[[ THE DATA, beginning ]]
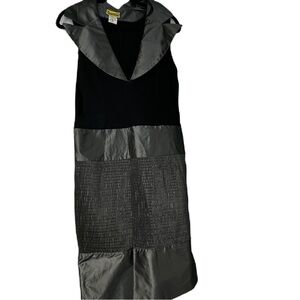 Banana black gray textured jumper dress 14 LBD metallic fancy party fun outfit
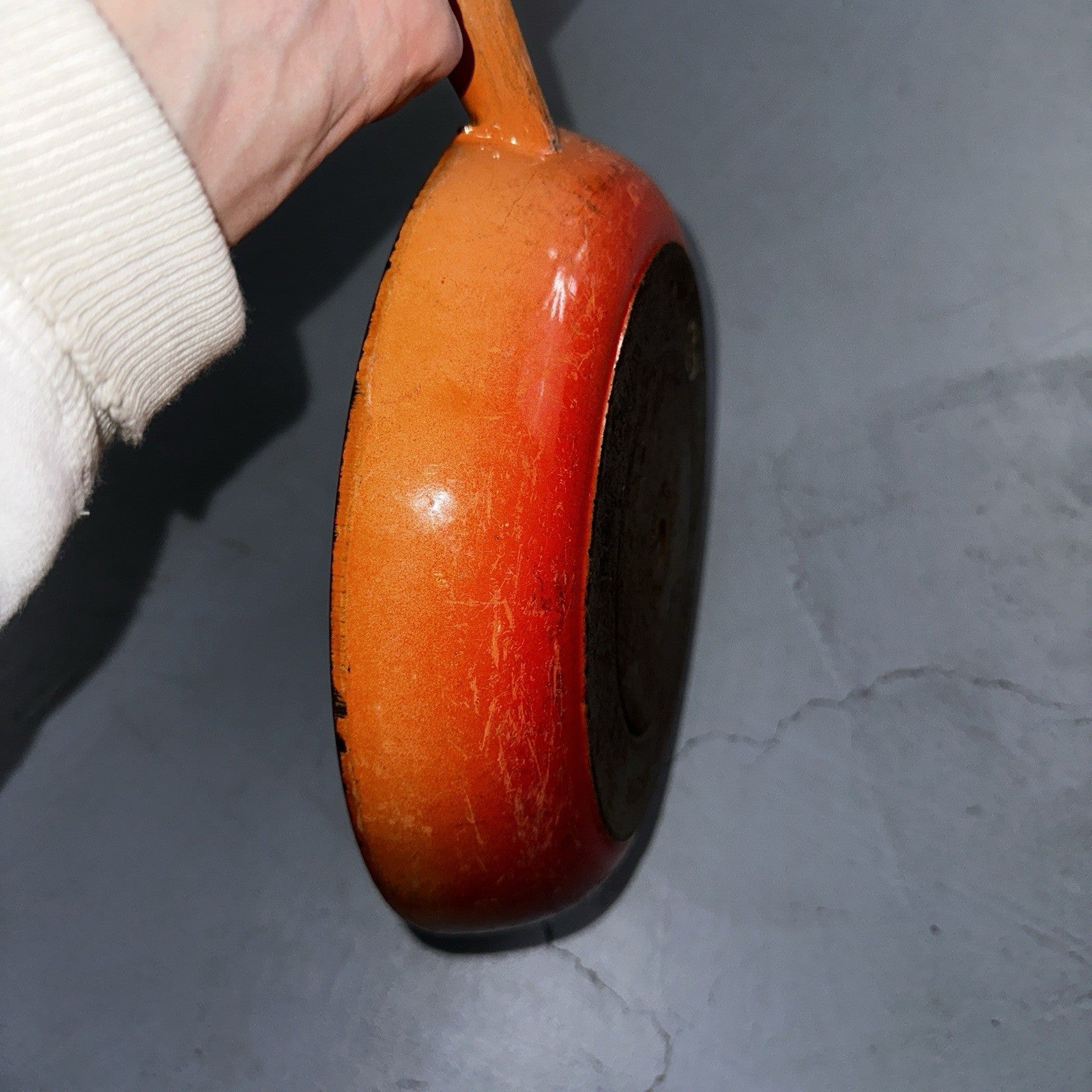 Le Creuset Cast Iron Enamel Cousances No. 24 Skillet Missing Handle Pan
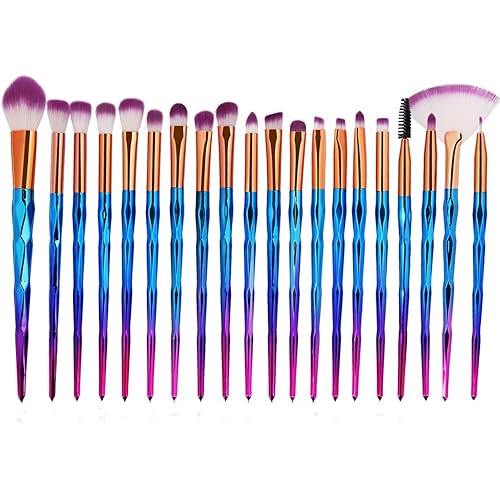 KOLIGHT Pack of 20pcs Cosmetic Eye Shadow Sponge Eyeliner Eyebrow Lip Nose Foundation Powder Makeup Brushes Sets (diamond purple)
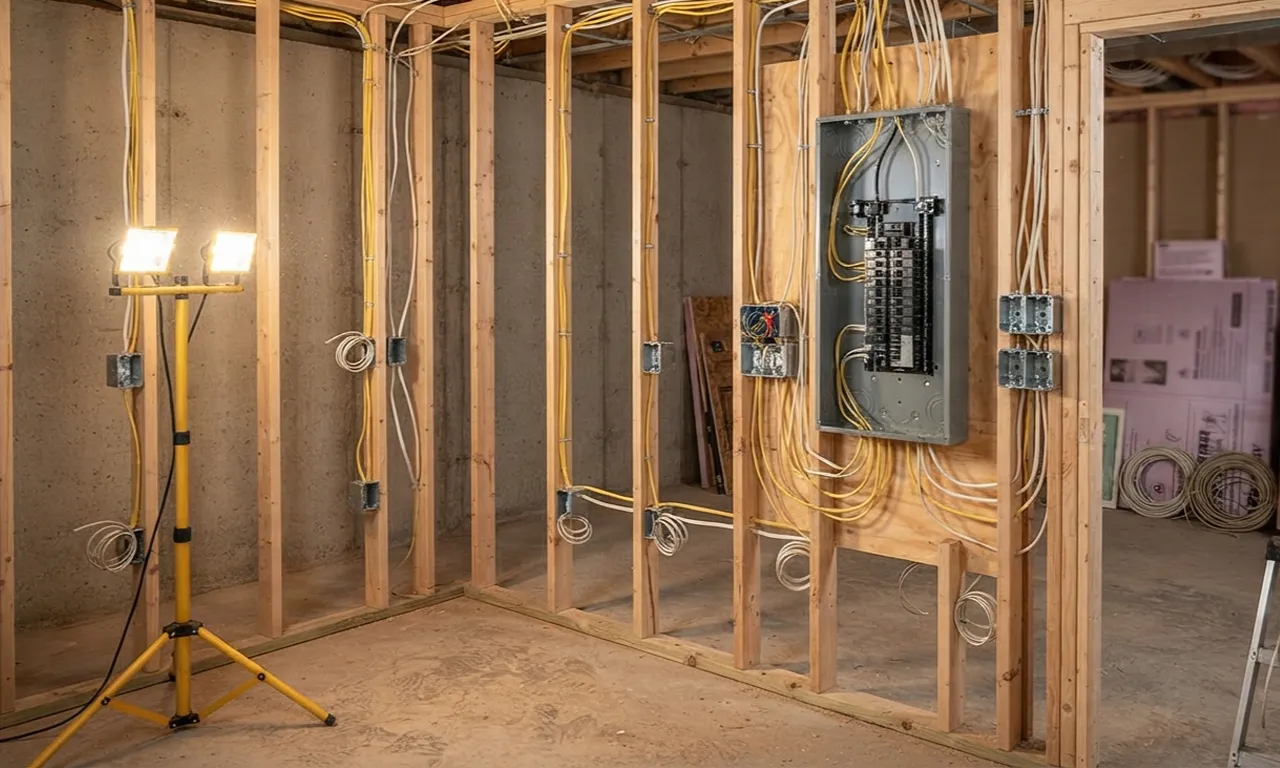 Basement during finishing with visible electrical wiring running through exposed studs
[[ THE DATA, end ]]
_WORK REQUEST:_ Copy exactly, and copy nothing else: the lines from the one containing "Le Creuset Cast" through the end of the data, both ends included, with pictures left out.

_ANSWER TO THIS TASK:_
 Le Creuset Cast Iron Enamel Cousances No. 24 Skillet Missing Handle Pan
 KOLIGHT Pack of 20pcs Cosmetic Eye Shadow Sponge Eyeliner Eyebrow Lip Nose Foundation Powder Makeup Brushes Sets (diamond purple)
 Basement during finishing with visible electrical wiring running through exposed studs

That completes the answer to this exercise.